Ideas of March
Funny that this Ideas of March thing should happen today, or rather, that yesterday I posted the exact thing I'd have wanted to say today if I'd known we were going to spend today talking about why blogging matters.
But, to expand on some of what I already said:
Information, I feel, has a real and scary capacity for eating away at one's sense of self. Caterina Fake wrote a post exactly one year ago today about how FOMO is fueled by social media — the more we know about what our friends are doing via things like Facebook, the more we compare what we're doing to that and fear we're not doing enough with our lives. Our friends aren't assholes for sharing their Saturday nights, and it's really our choice whether to go our or stay in with a book or a month's worth of unwatched episodes of Fringe. And yet: knowing our friends are out there without us is painful. The fear that we chose poorly, and are stuck playing out a bad choice, is painful.
The connection with blogging is that, at least for me, it's hard to write a blog in a world where John Gruber — or Jason Kottke, or whoever — exist.
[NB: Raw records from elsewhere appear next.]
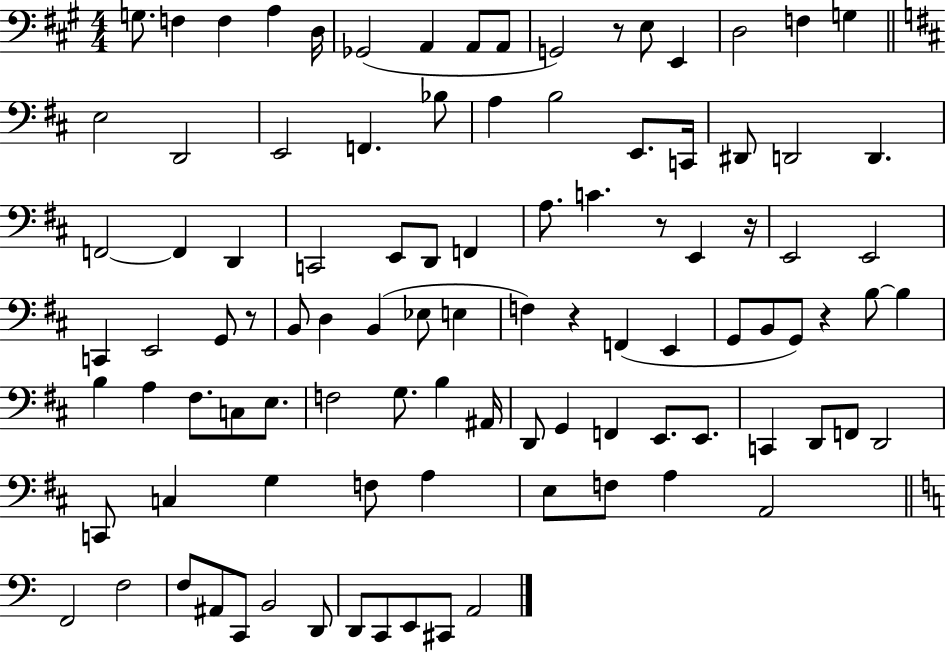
{
  \clef bass
  \numericTimeSignature
  \time 4/4
  \key a \major
  g8. f4 f4 a4 d16 | ges,2( a,4 a,8 a,8 | g,2) r8 e8 e,4 | d2 f4 g4 | \break \bar "||" \break \key b \minor e2 d,2 | e,2 f,4. bes8 | a4 b2 e,8. c,16 | dis,8 d,2 d,4. | \break f,2~~ f,4 d,4 | c,2 e,8 d,8 f,4 | a8. c'4. r8 e,4 r16 | e,2 e,2 | \break c,4 e,2 g,8 r8 | b,8 d4 b,4( ees8 e4 | f4) r4 f,4( e,4 | g,8 b,8 g,8) r4 b8~~ b4 | \break b4 a4 fis8. c8 e8. | f2 g8. b4 ais,16 | d,8 g,4 f,4 e,8. e,8. | c,4 d,8 f,8 d,2 | \break c,8 c4 g4 f8 a4 | e8 f8 a4 a,2 | \bar "||" \break \key a \minor f,2 f2 | f8 ais,8 c,8 b,2 d,8 | d,8 c,8 e,8 cis,8 a,2 | \bar "|."
} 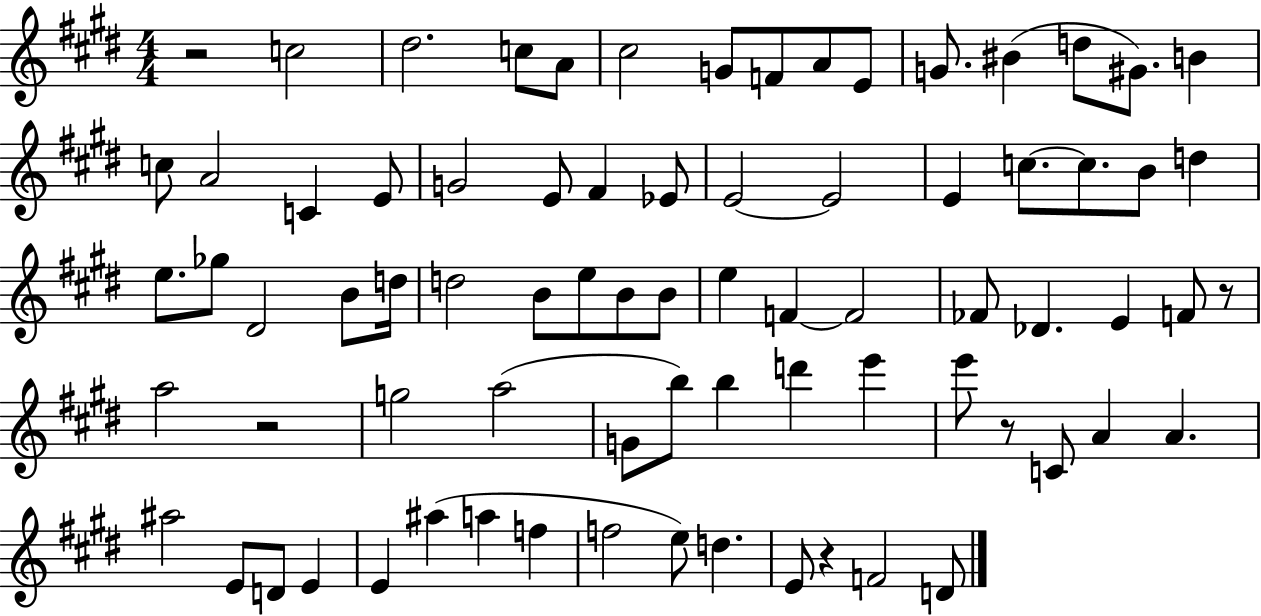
{
  \clef treble
  \numericTimeSignature
  \time 4/4
  \key e \major
  r2 c''2 | dis''2. c''8 a'8 | cis''2 g'8 f'8 a'8 e'8 | g'8. bis'4( d''8 gis'8.) b'4 | \break c''8 a'2 c'4 e'8 | g'2 e'8 fis'4 ees'8 | e'2~~ e'2 | e'4 c''8.~~ c''8. b'8 d''4 | \break e''8. ges''8 dis'2 b'8 d''16 | d''2 b'8 e''8 b'8 b'8 | e''4 f'4~~ f'2 | fes'8 des'4. e'4 f'8 r8 | \break a''2 r2 | g''2 a''2( | g'8 b''8) b''4 d'''4 e'''4 | e'''8 r8 c'8 a'4 a'4. | \break ais''2 e'8 d'8 e'4 | e'4 ais''4( a''4 f''4 | f''2 e''8) d''4. | e'8 r4 f'2 d'8 | \break \bar "|."
}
It's not exactly as if blogging isn't worth doing unless you can get famous doing it. But it's strange, and a little uncomfortable, knowing that someone out there has become famous for doing the exact same fucking thing I'm doing right now, and I haven't. I've never been in a band, but I feel like many people who have can understand this sense of not knowing why [name of similar, famous band] is famous and they're not.
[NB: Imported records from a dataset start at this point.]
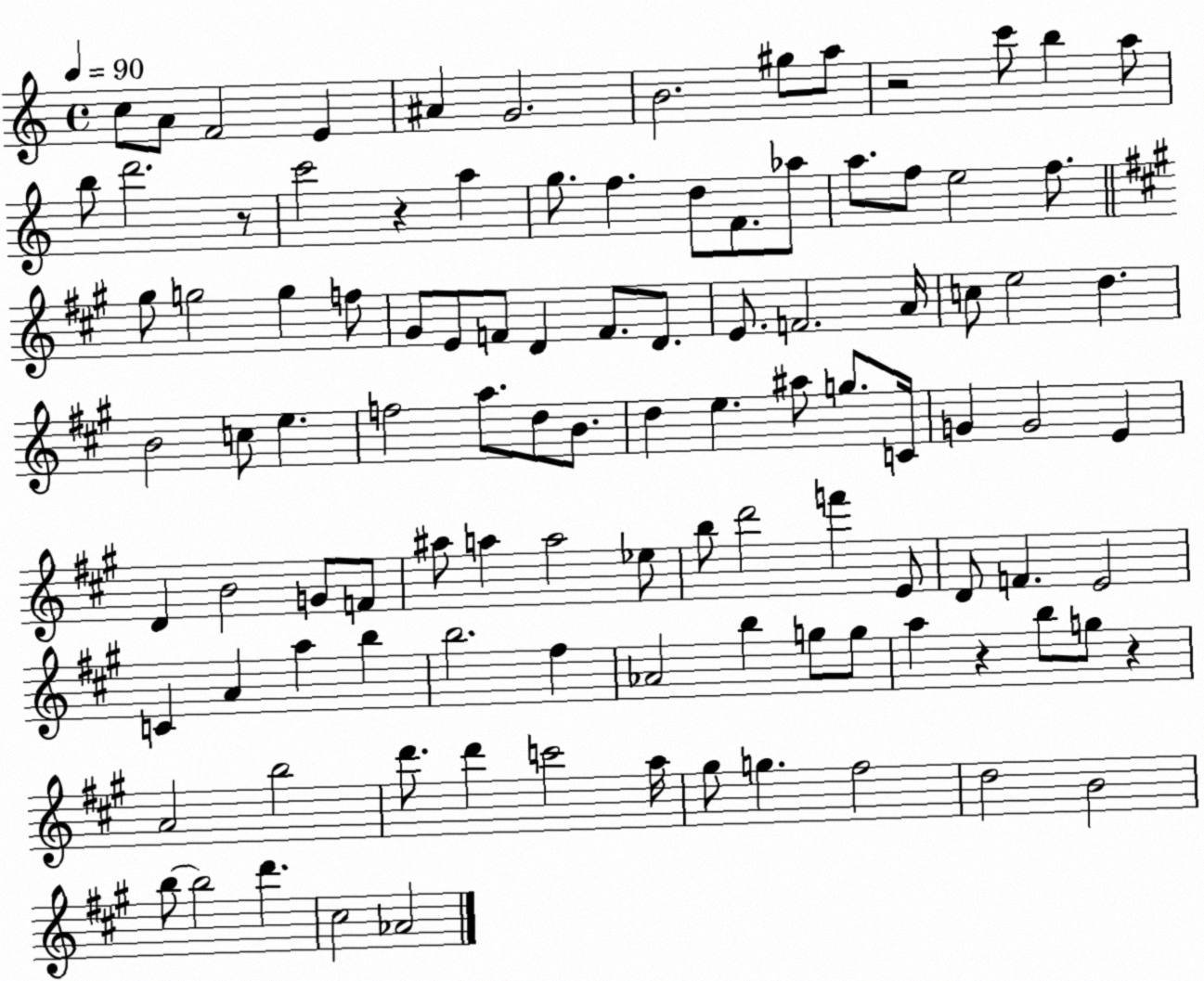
X:1
T:Untitled
M:4/4
L:1/4
K:C
c/2 A/2 F2 E ^A G2 B2 ^g/2 a/2 z2 c'/2 b a/2 b/2 d'2 z/2 c'2 z a g/2 f d/2 F/2 _a/2 a/2 f/2 e2 f/2 ^g/2 g2 g f/2 ^G/2 E/2 F/2 D F/2 D/2 E/2 F2 A/4 c/2 e2 d B2 c/2 e f2 a/2 d/2 B/2 d e ^a/2 g/2 C/4 G G2 E D B2 G/2 F/2 ^a/2 a a2 _e/2 b/2 d'2 f' E/2 D/2 F E2 C A a b b2 ^f _A2 b g/2 g/2 a z b/2 g/2 z A2 b2 d'/2 d' c'2 a/4 ^g/2 g ^f2 d2 B2 b/2 b2 d' ^c2 _A2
In either words, the more you know about what other people are doing makes whatever you're doing seem smaller and less important. And, consequently, this makes me gun-shy about expressing an opinion knowing it'll be just one voice in a sea of other, sometimes much louder voices.
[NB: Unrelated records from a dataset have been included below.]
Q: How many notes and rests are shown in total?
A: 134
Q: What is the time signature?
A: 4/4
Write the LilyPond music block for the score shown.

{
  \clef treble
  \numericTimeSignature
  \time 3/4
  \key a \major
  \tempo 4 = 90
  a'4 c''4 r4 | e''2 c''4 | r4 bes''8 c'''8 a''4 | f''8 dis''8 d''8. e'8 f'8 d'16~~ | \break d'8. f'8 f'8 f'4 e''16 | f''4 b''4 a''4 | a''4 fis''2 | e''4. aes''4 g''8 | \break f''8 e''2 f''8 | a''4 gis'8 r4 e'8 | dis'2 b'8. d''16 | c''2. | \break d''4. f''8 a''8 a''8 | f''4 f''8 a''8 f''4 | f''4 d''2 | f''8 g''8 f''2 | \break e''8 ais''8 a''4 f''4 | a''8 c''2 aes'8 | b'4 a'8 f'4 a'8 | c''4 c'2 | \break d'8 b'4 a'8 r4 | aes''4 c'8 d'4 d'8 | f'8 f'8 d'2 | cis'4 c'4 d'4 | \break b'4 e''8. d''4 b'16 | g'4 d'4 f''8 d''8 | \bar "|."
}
But that's bullshit. Blogging matters because it's an opportunity for people with something to say to say it. A blogger being more famous or linked-to than me has nothing to do with whether or not my opinion about something is valid or not, or how well it's received by people on the internets, unless I'm so worried about being wrong (or facile, or lame) on my blog that I don't actually manage to say anything there.
That's not to say I should just spout off on my blog without regard to how it'll be received. Ultimately, blogging is writing something for someone to read — it's up to me (or you, or anyone) to figure out who that is, understand what my relationship to them is or ought to be, and keep it healthy.